### Work to be completed
Please reproduce the line containing "Black Sapphire Metallic" and every line after it in the records below, exactly and with nothing else.
(Beginning of Material supplied)
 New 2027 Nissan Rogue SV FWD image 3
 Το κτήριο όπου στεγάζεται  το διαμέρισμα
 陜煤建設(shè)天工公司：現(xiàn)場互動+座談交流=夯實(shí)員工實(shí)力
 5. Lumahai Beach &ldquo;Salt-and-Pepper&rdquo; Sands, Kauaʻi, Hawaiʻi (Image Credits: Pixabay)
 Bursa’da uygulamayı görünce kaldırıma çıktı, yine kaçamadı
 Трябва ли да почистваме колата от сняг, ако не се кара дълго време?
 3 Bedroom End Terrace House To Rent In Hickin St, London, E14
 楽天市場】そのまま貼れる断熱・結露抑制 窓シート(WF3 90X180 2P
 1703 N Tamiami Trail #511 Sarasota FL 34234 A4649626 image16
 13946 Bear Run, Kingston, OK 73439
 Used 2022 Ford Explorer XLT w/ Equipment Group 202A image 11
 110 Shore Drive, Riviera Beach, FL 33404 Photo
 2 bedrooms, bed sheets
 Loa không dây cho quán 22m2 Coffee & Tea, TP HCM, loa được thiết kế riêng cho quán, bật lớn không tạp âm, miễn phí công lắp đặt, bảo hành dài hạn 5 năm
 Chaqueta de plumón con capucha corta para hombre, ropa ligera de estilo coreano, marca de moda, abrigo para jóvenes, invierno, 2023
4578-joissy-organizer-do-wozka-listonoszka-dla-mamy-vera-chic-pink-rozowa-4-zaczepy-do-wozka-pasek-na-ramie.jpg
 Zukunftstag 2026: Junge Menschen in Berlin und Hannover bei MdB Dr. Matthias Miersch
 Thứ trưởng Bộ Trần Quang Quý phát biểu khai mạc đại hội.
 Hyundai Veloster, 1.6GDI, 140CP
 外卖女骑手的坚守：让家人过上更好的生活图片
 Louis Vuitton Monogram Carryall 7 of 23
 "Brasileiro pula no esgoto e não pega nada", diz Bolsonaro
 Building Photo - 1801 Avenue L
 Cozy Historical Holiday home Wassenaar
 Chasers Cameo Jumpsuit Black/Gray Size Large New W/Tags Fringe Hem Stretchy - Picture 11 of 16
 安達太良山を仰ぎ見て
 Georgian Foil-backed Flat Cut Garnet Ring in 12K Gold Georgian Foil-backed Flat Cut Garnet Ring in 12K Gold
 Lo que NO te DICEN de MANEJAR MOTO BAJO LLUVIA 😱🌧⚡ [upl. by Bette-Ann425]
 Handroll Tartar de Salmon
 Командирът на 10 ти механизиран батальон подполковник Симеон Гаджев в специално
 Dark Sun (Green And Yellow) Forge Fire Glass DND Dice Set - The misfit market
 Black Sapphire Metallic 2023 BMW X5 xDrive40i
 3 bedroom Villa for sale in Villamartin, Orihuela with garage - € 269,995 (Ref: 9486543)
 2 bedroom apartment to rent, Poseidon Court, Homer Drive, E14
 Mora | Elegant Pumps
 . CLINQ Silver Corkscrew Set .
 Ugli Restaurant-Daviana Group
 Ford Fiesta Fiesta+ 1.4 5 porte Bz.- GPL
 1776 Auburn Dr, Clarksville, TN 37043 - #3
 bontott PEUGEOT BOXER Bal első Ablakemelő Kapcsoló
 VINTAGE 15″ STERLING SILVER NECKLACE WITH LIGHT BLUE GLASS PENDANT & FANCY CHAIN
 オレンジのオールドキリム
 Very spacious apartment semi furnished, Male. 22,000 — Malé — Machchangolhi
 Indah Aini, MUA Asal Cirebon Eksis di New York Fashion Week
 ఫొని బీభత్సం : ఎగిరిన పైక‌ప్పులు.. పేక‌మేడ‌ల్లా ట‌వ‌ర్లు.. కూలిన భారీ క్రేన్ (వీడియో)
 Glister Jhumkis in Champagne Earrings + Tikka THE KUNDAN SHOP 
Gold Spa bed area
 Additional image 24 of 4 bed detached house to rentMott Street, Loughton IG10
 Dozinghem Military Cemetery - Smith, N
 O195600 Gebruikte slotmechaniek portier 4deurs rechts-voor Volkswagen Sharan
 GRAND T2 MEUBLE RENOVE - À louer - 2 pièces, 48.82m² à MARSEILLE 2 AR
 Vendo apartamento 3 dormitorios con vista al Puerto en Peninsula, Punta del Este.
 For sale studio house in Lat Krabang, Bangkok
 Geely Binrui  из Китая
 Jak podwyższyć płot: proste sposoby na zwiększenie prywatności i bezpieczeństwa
(End of Material supplied)
### Task answer
 Black Sapphire Metallic 2023 BMW X5 xDrive40i
 3 bedroom Villa for sale in Villamartin, Orihuela with garage - € 269,995 (Ref: 9486543)
 2 bedroom apartment to rent, Poseidon Court, Homer Drive, E14
 Mora | Elegant Pumps
 . CLINQ Silver Corkscrew Set .
 Ugli Restaurant-Daviana Group
 Ford Fiesta Fiesta+ 1.4 5 porte Bz.- GPL
 1776 Auburn Dr, Clarksville, TN 37043 - #3
 bontott PEUGEOT BOXER Bal első Ablakemelő Kapcsoló
 VINTAGE 15″ STERLING SILVER NECKLACE WITH LIGHT BLUE GLASS PENDANT & FANCY CHAIN
 オレンジのオールドキリム
 Very spacious apartment semi furnished, Male. 22,000 — Malé — Machchangolhi
 Indah Aini, MUA Asal Cirebon Eksis di New York Fashion Week
 ఫొని బీభత్సం : ఎగిరిన పైక‌ప్పులు.. పేక‌మేడ‌ల్లా ట‌వ‌ర్లు.. కూలిన భారీ క్రేన్ (వీడియో)
 Glister Jhumkis in Champagne Earrings + Tikka THE KUNDAN SHOP 
Gold Spa bed area
 Additional image 24 of 4 bed detached house to rentMott Street, Loughton IG10
 Dozinghem Military Cemetery - Smith, N
 O195600 Gebruikte slotmechaniek portier 4deurs rechts-voor Volkswagen Sharan
 GRAND T2 MEUBLE RENOVE - À louer - 2 pièces, 48.82m² à MARSEILLE 2 AR
 Vendo apartamento 3 dormitorios con vista al Puerto en Peninsula, Punta del Este.
 For sale studio house in Lat Krabang, Bangkok
 Geely Binrui  из Китая
 Jak podwyższyć płot: proste sposoby na zwiększenie prywatności i bezpieczeństwa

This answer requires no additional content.